平凡日誌

Webショップ「平凡」店主の日々の記録です。

暑くて朦朧としながら考えたこと

もはや過去世となった時代の話。
数年前まで私は、常に革靴はピカピカであれ!という世界に生きていた。

その時はそれが私の世界の常識だったんだけど、そこから離れて五年が経ち思い出した。自分の元々の性質はピカピカの革靴ではなく、ボロボロのCONVERSEだったことを。

窮屈な学校生活に別れを告げ、絵を描くために東京へと飛び出した18歳。理由は何でもよかった。やっと私が私として世界に飛び出した時。
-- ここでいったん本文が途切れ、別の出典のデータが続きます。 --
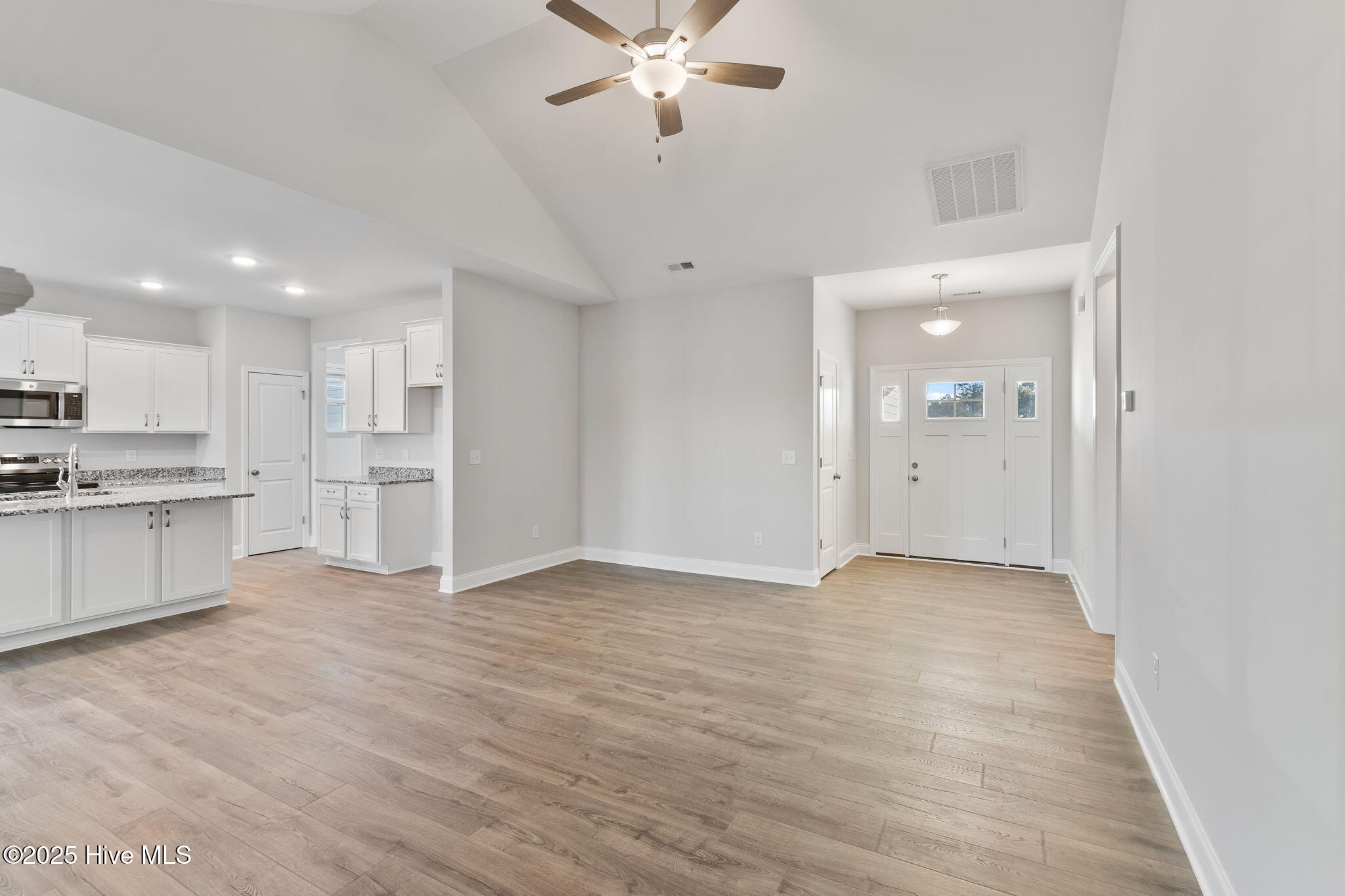 32 Boyce Court Property Photo 10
一足の真っ白いCONVERSEを履き続けた。泥と絵の具と穴だらけでボロボロになったその靴が、私らしくてずっと履いていた。
穴から靴下見えたって、底が擦りきれて水がしみたって、みっともないと思われたって構わなかった。私はそのスニーカーが大好きだった。そのボロボロさが、私だった。友達からはまだ履いてるの?と愛を持って笑われて、それも褒められたみたいで言われる度に誇らしかった。

今世の中の、前世の前世。
傷だらけ、ボロだらけ、穴だらけ。そんなのも全部、私。全部誇らしく世界に見せて生きる。ボロボロのCONVERSEは、窮屈な世界を耐え抜いてきた私の象徴だった。幼い私の、世界に対する全力の反抗。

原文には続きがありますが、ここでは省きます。